We built a two-level system in Kesennuma, Japan, about five years ago. That is a special site to me as the whole area was decimated by a tsunami and the Fukushima nuclear reactor disaster. The government wanted to put infrastructure back in to help the maritime industry get back to business. Two-level systems are also quicker because you don't have to switch the direction of the wheels as they are already in the right direction. It is essentially a simple process: put something on top, shuttle it, park it and do work. It's a neat design.

In this day and age, very few places have enough real estate for a two-level system, therefore most new shiplifts are single level. There are two choices with single-level systems: rails and wheels or a self-propelled modular transporter (SPMT), which is what the BAE Systems project is in Jacksonville. We always look to see what infrastructure a site already has in operation, as many shipyards may use SPMTs at their site already and we can utilize that same equipment, but maybe add a few more modules.

You’ve been with the company for over a decade, following in your father's and grandfather's footsteps. As the new CEO of Pearlson, what are your plans for the immediate future and how do you envision the company 30-40 years down the road?

My grandfather, Raymond, invented the modern shiplift system in the 1950s, which he then patented and named Syncrolift. After my grandfather passed the helm to my father, he grew the company’s client base, including two shiplifts capable of lifting nuclear submarines. So yes, I have big shoes to fill.

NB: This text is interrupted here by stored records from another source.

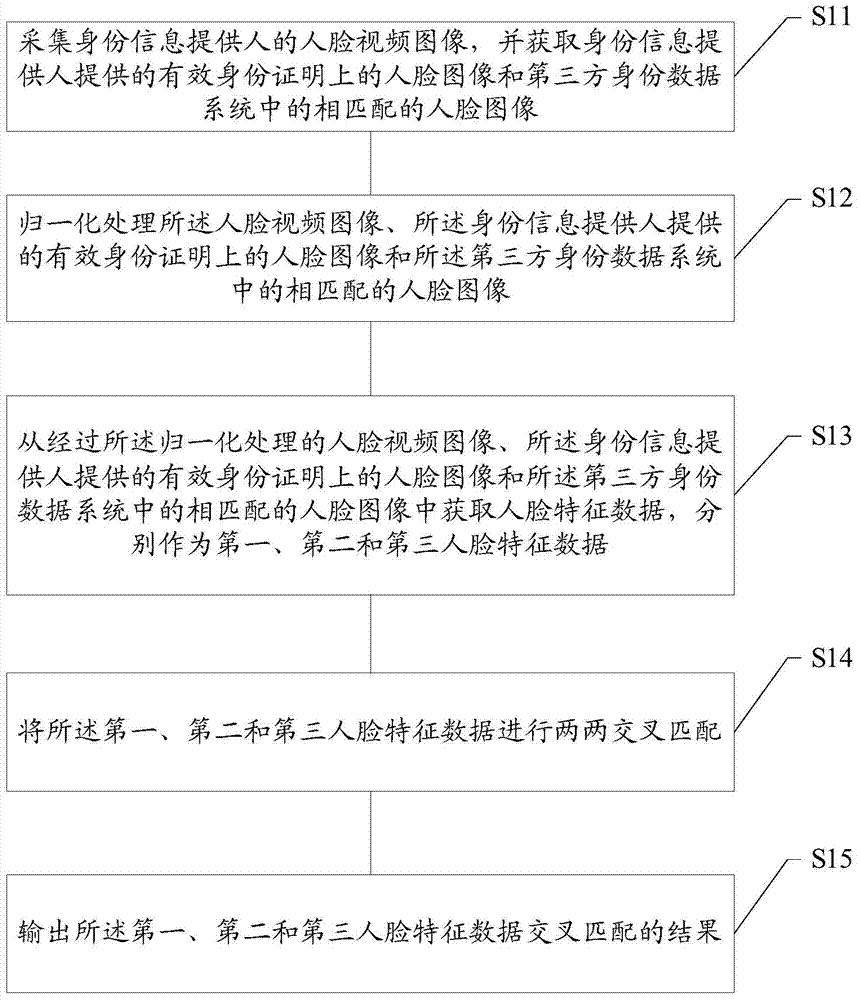 Portrait identification method and device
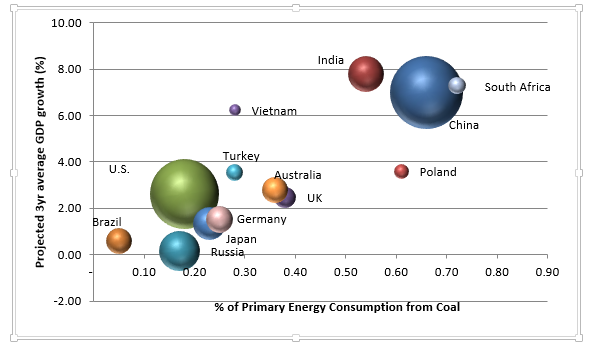 Figure 2: Countries ordered according to their expected economic growth and the % of their primary energy that comes from coal. The size of a country’s bubble is a relative measure of the size of their energy consumption. For reference, China and the U.S. are approximately 100 quadrillion btus. Data Sources: U.S. Energy Information Administration (2015); International Monetary Fund (2015); World Bank (2015) 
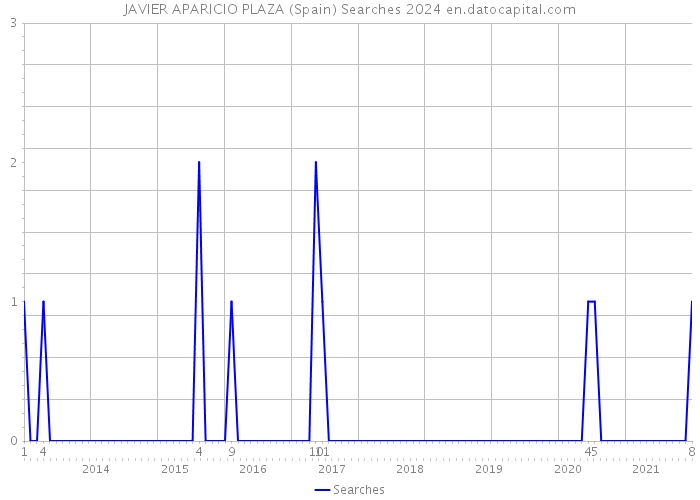 JAVIER APARICIO PLAZA (Spain) Searches 2024 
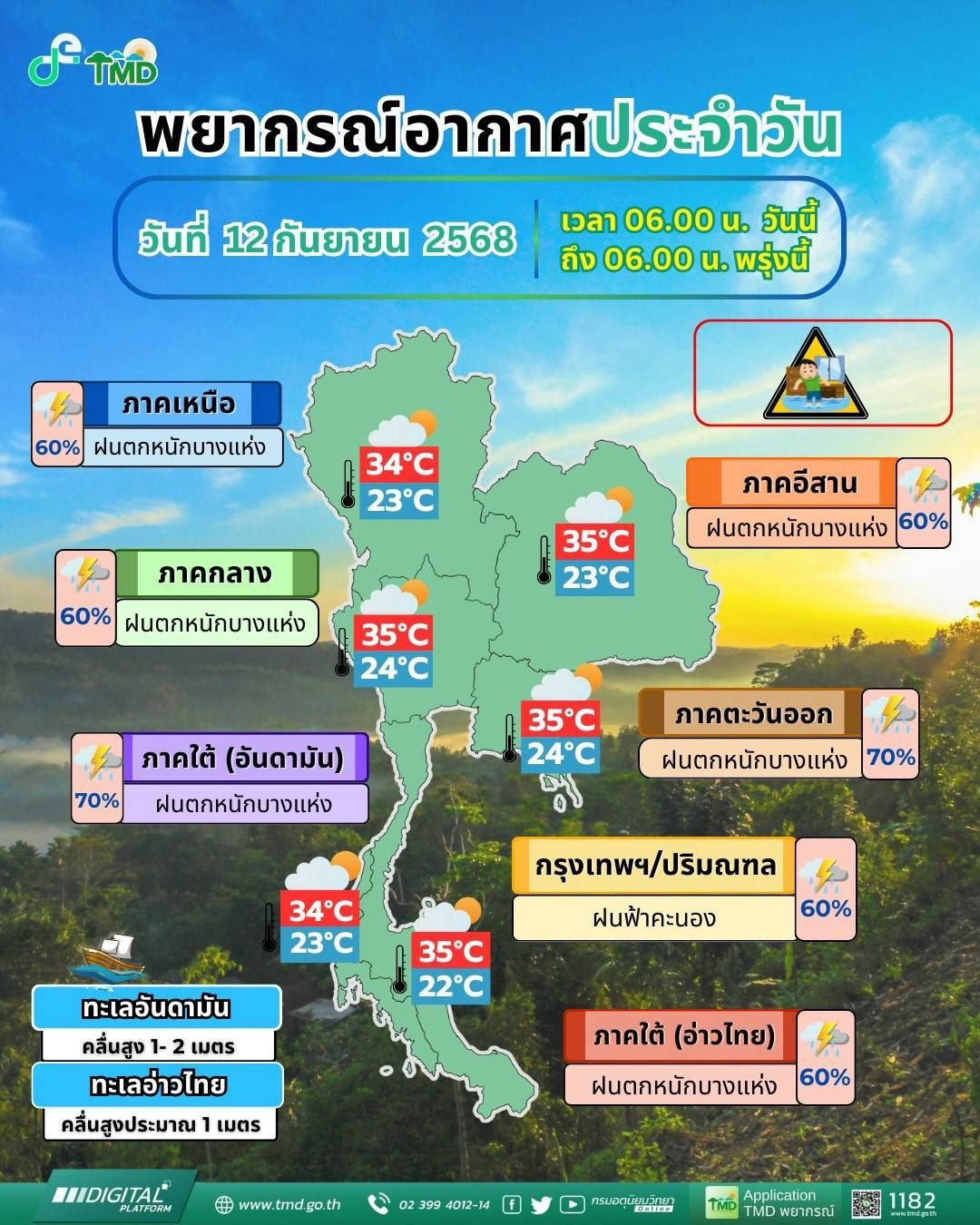 พยากรณ์อากาศ 24 ชั่วโมงข้างหน้า 12 ก.ย. 2568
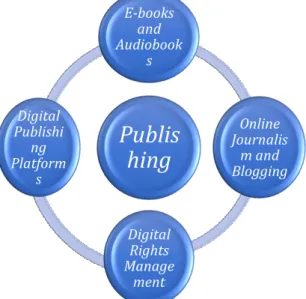 Gambar 3.1: Aspek Publikasi 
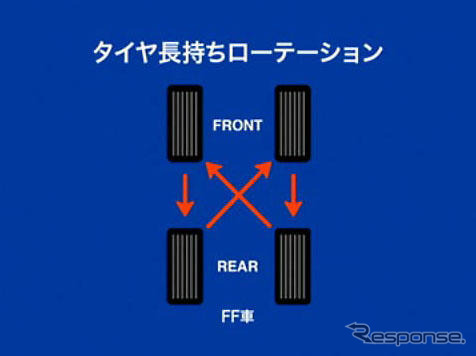 ファルケン「サーチアイ」の新CMを放送…
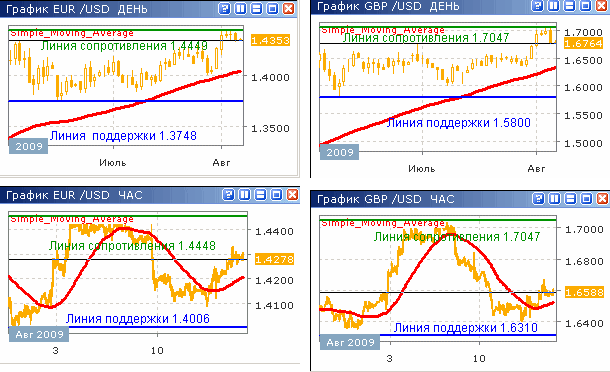 Курсы EUR/USD и GBP/USD до 04.09.09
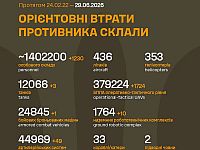 Генштаб ВСУ: данные о потерях армии РФ на 1587-й день войны
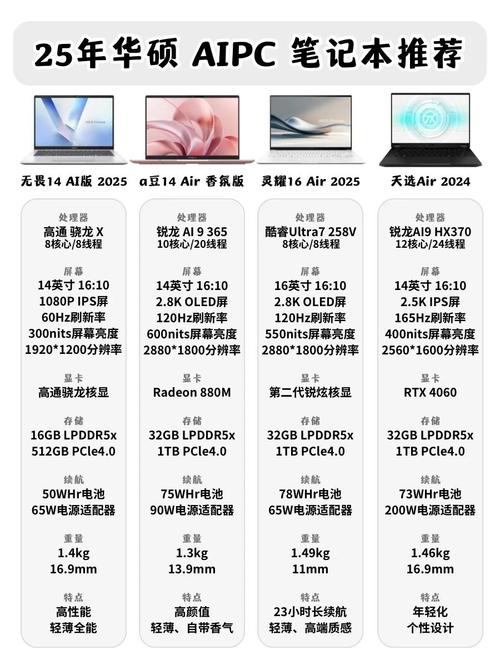近来公认比较好的笔记本电脑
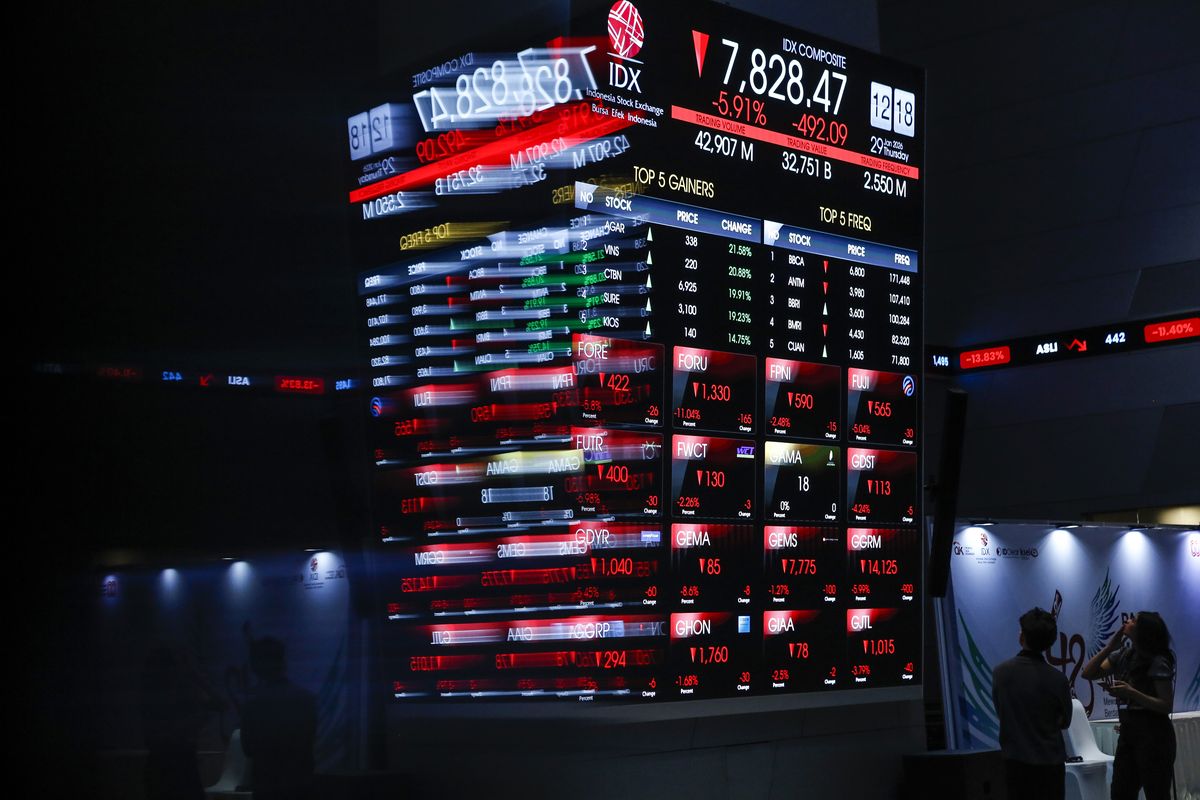 Proyeksi IHSG Tetap Melemah, Support 6.060-6.240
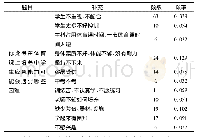 《表1 5 针对学生应急能力培养过程中可能遇到的困难调查(N=186)》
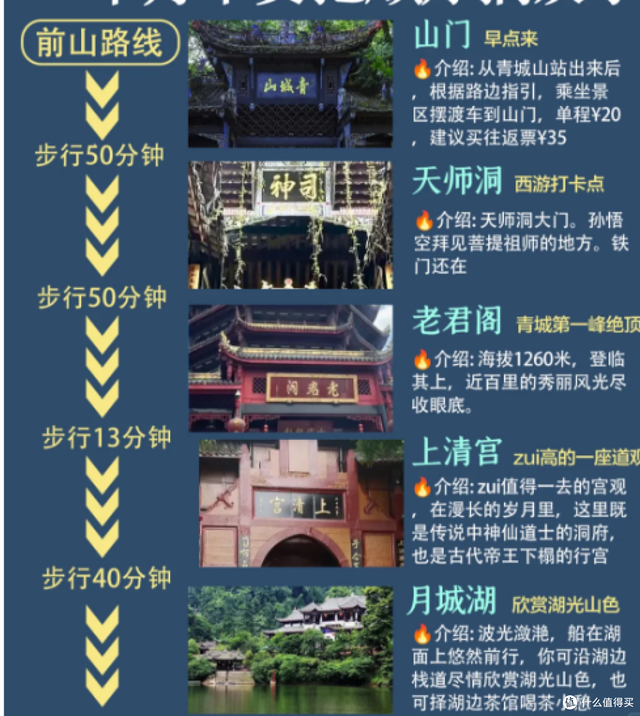 成都6天5晚吃住行玩避坑全攻略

My background is slightly different from that of my father and grandfather who were both marine engineers. I am an industrial engineer. Before I came to Pearlson Shiplift, I worked as an industrial engineer for Walt Disney World in Orlando on the planning and implementation of theme park attractions, specifically focusing on how to use data to make sure we were always delivering the best product for our customers. What I bring to the leadership of our company is a different perspective and an inherent desire to always ask questions. 

There is no need to change most of what we do, as it has worked well for over 60 years. There is definitely an opportunity to grow the services we offer and add value for our clients, while still delivering the personal touch that the Pearlson family name is known for. I have two young daughters and one of them has already said she wants to be the fourth generation at Pearlson. Nothing would make me prouder. We want to keep doing what we do well, which is designing shiplifts to help our clients get their vessels in and out of the water and service them in the most efficient way possible.